__EXERCISE DIRECTIONS__
Exactly the lines from the one containing "Nissan Qashqai Qashqai" through the end of the data, and nothing more, should be retyped; pictures stay out.
• • • • •
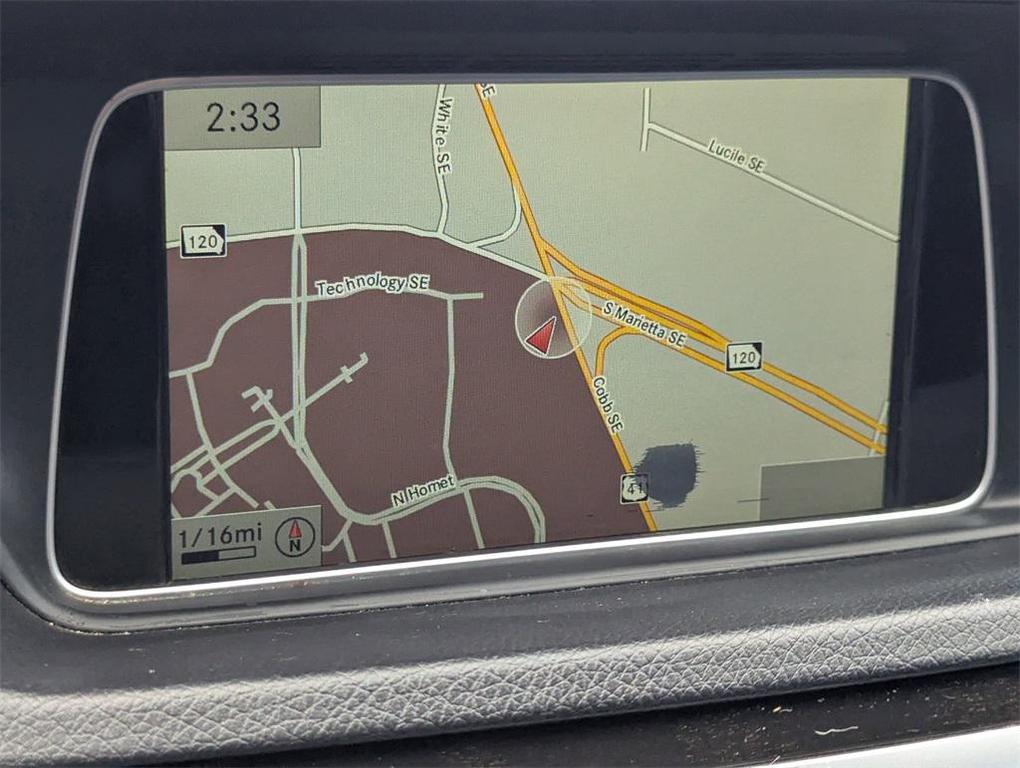 used 2014 Mercedes-Benz E-Class car, priced at $9,499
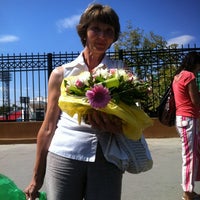 Photo taken at Автовокзал Ной by Elena on 7/31/2012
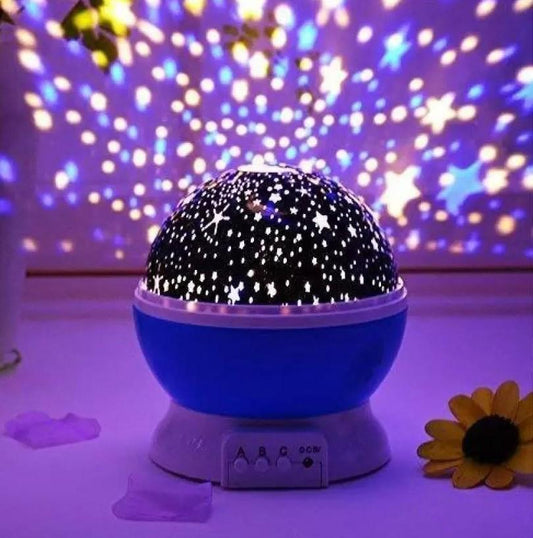 Star Moon Night Light – Magical, Soothing Glow for Your Dreamy Nights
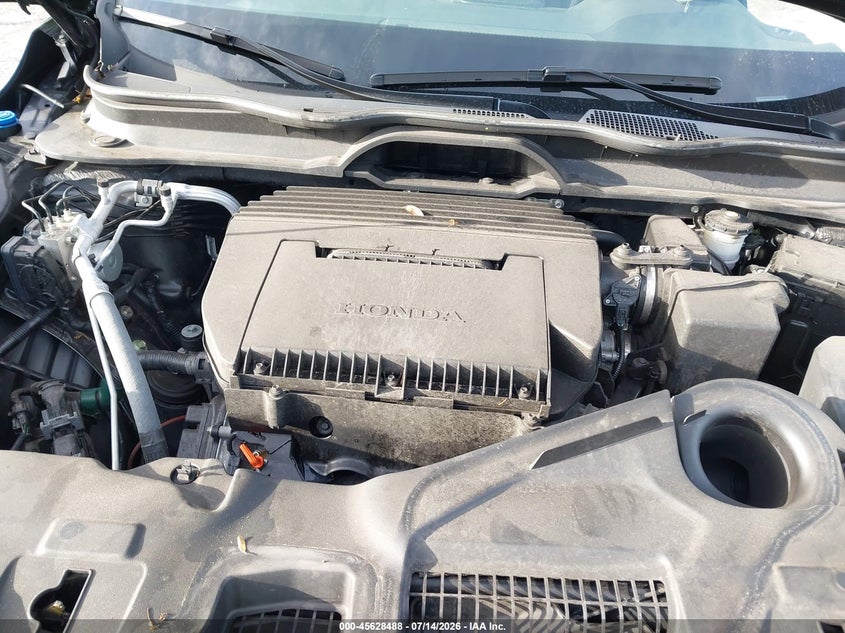 2024 HONDA PILOT SPORT UTILITY VEHICLE 3.5L V-6 DI, DOHC, VVT, 285HP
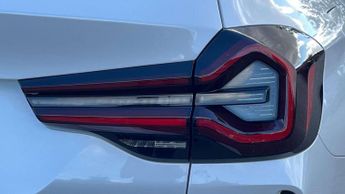 BMW Ix3 M Sport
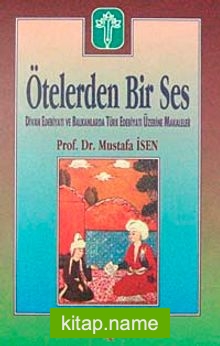 Ötelerden Bir Ses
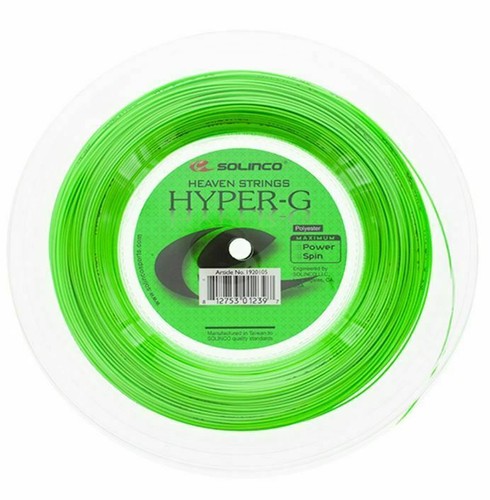 Solinco hyper g - (0,62€/m), hyper-g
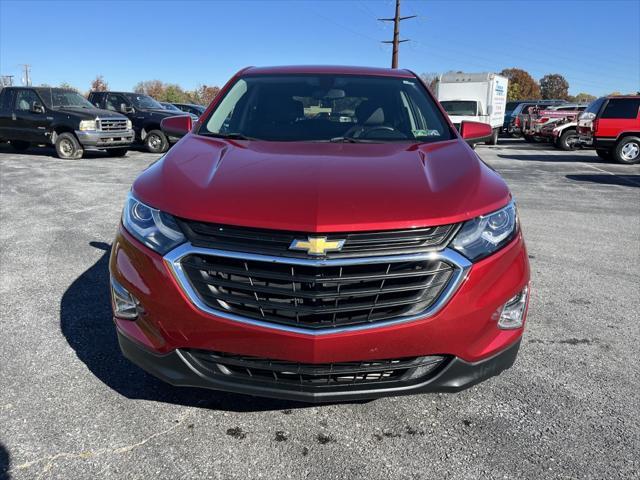 used 2019 Chevrolet Equinox car, priced at $16,996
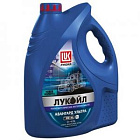 Масло лукойл авангард ультра 5w40 п/синт. (5 л)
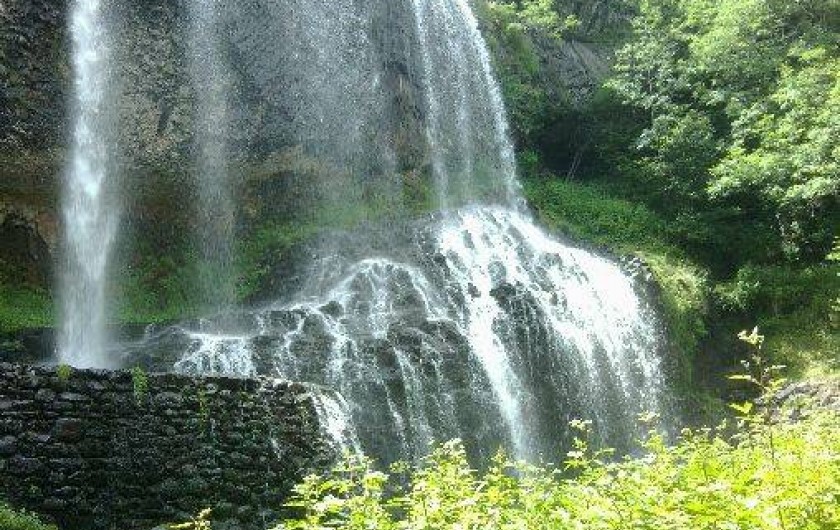 Location de vacances - Gîte à Cayres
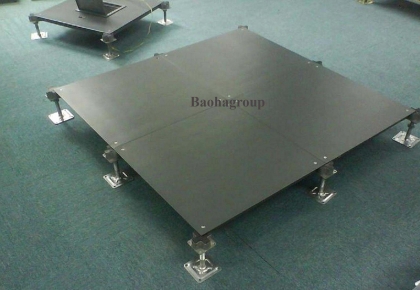 Sàn nâng kỹ thuật OA/ Bare 500mm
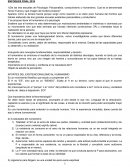 Enfoques humanísticos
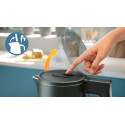 Електрочайник Philips Double Walled Kettle, 1.7л, Strix, з подвійними стінками, чорний
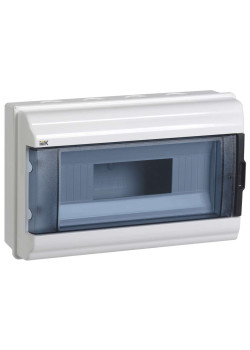 KREPTA 5 Корпус пластиковый КМПн-12 IP55 IEK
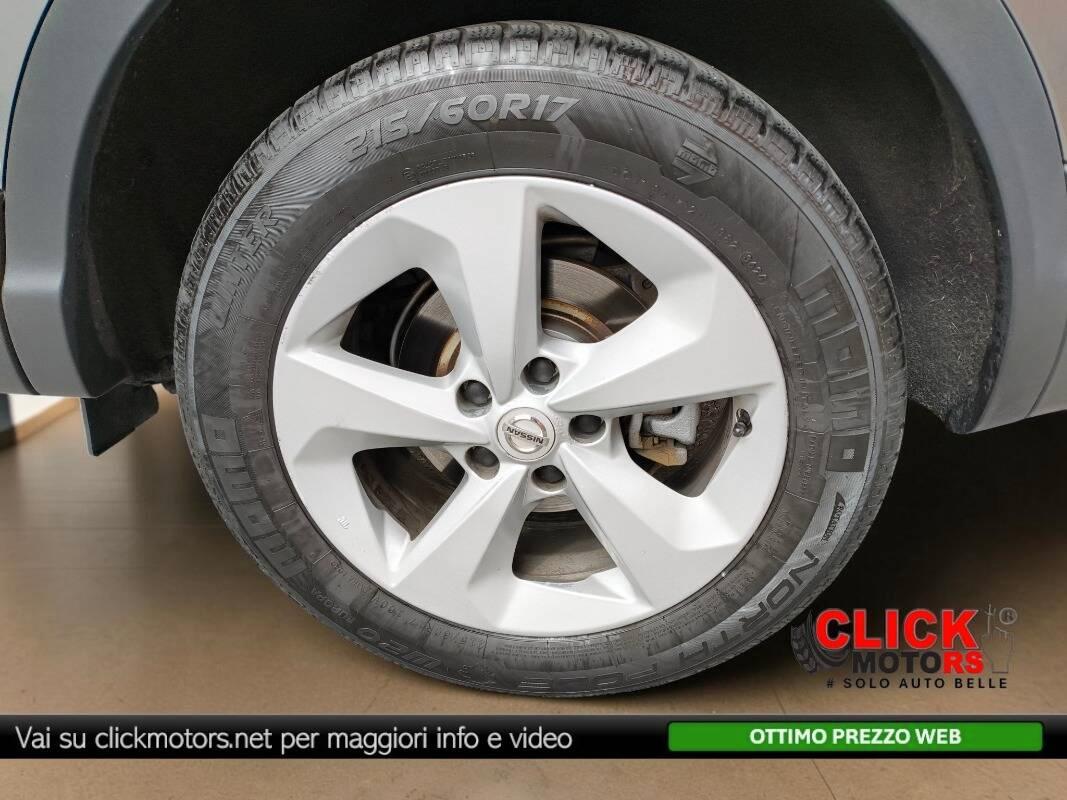 Nissan Qashqai Qashqai II 2018 - 1.6 dci Business 2wd 130cv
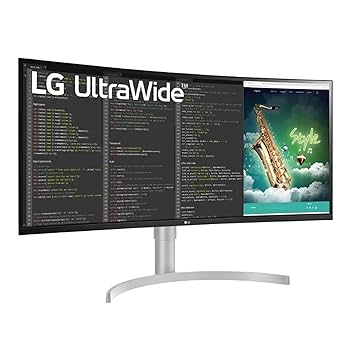 ももた　LG UltraWide Monitor 35WN75C-B 35'' Curved UltraWide QHD HDR Monitor - 35WN75C-B | LG USA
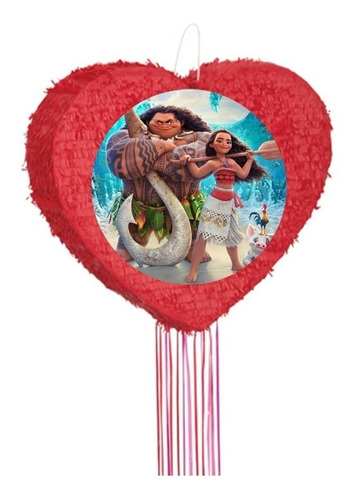 Piñatas Moana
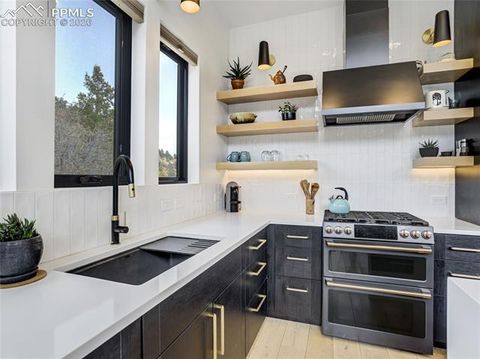 Tiny photo for 284 Crystal Park Road, Manitou Springs, CO 80829 (MLS # 1871299)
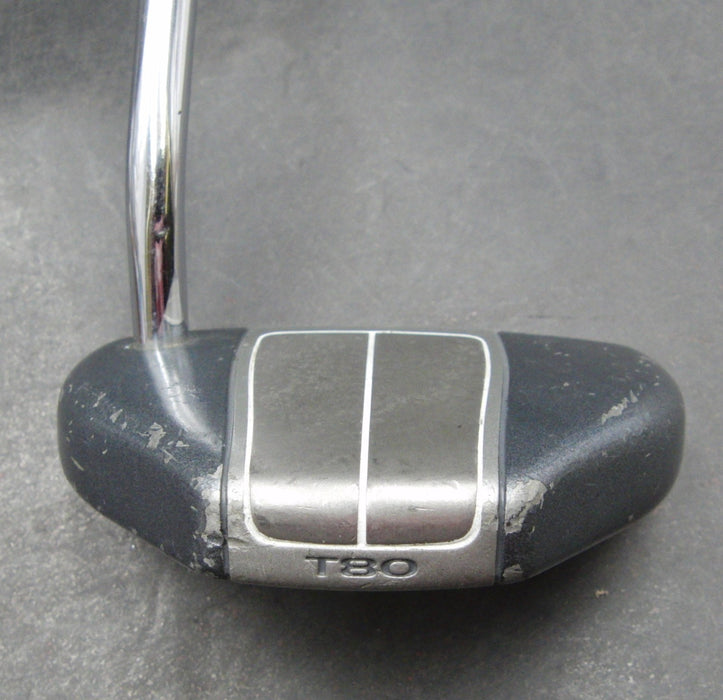 Nike BC.004 T80 Putter 84.5cm Playing Length Steel Shaft Ping Grip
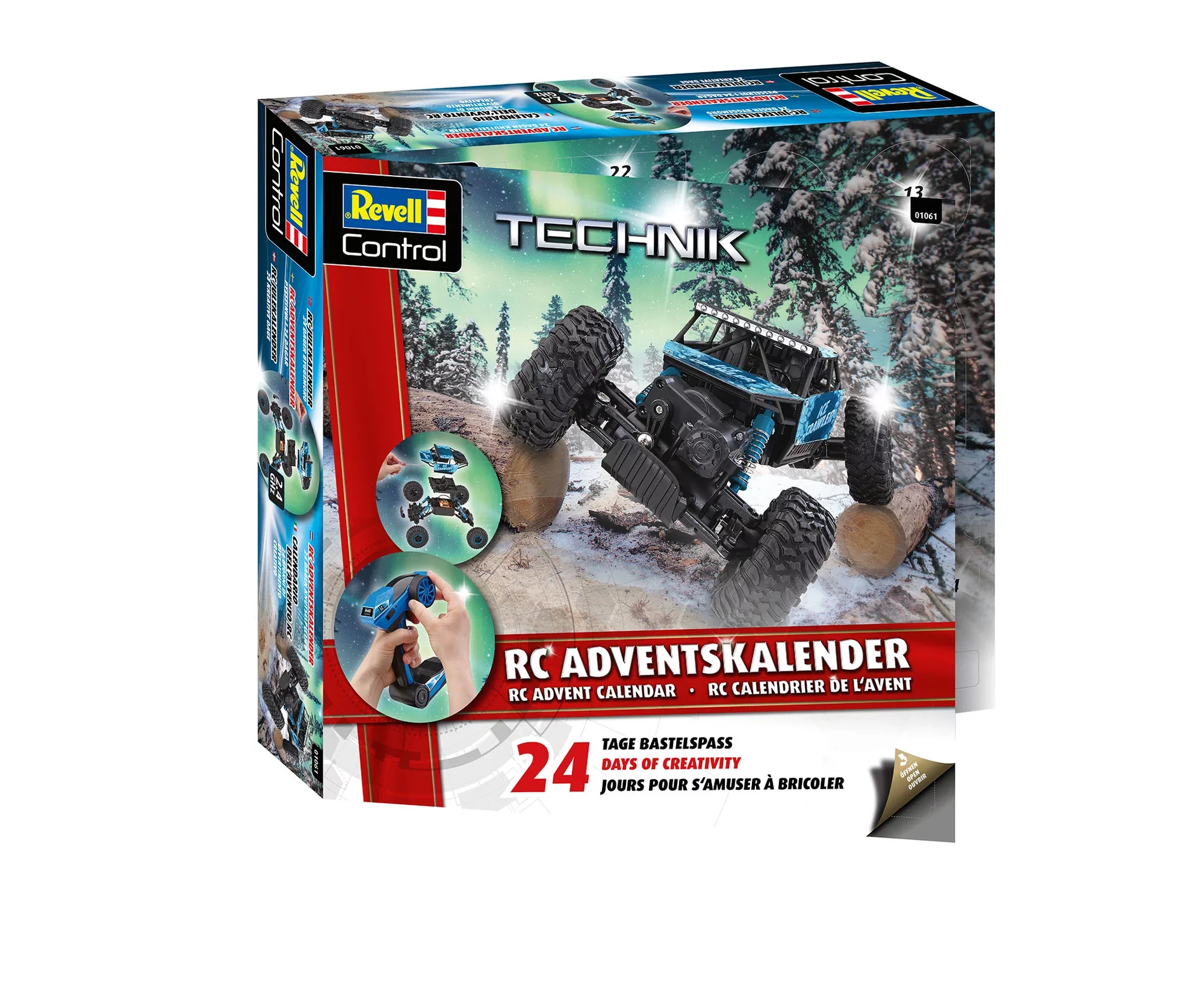Advent Calendar RC Crawler - Image 3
• • • • •
__RESPONSE BELOW__
 Nissan Qashqai Qashqai II 2018 - 1.6 dci Business 2wd 130cv
 ももた　LG UltraWide Monitor 35WN75C-B 35'' Curved UltraWide QHD HDR Monitor - 35WN75C-B | LG USA
 Piñatas Moana
 Tiny photo for 284 Crystal Park Road, Manitou Springs, CO 80829 (MLS # 1871299)
 Nike BC.004 T80 Putter 84.5cm Playing Length Steel Shaft Ping Grip
Advent Calendar RC Crawler - Image 3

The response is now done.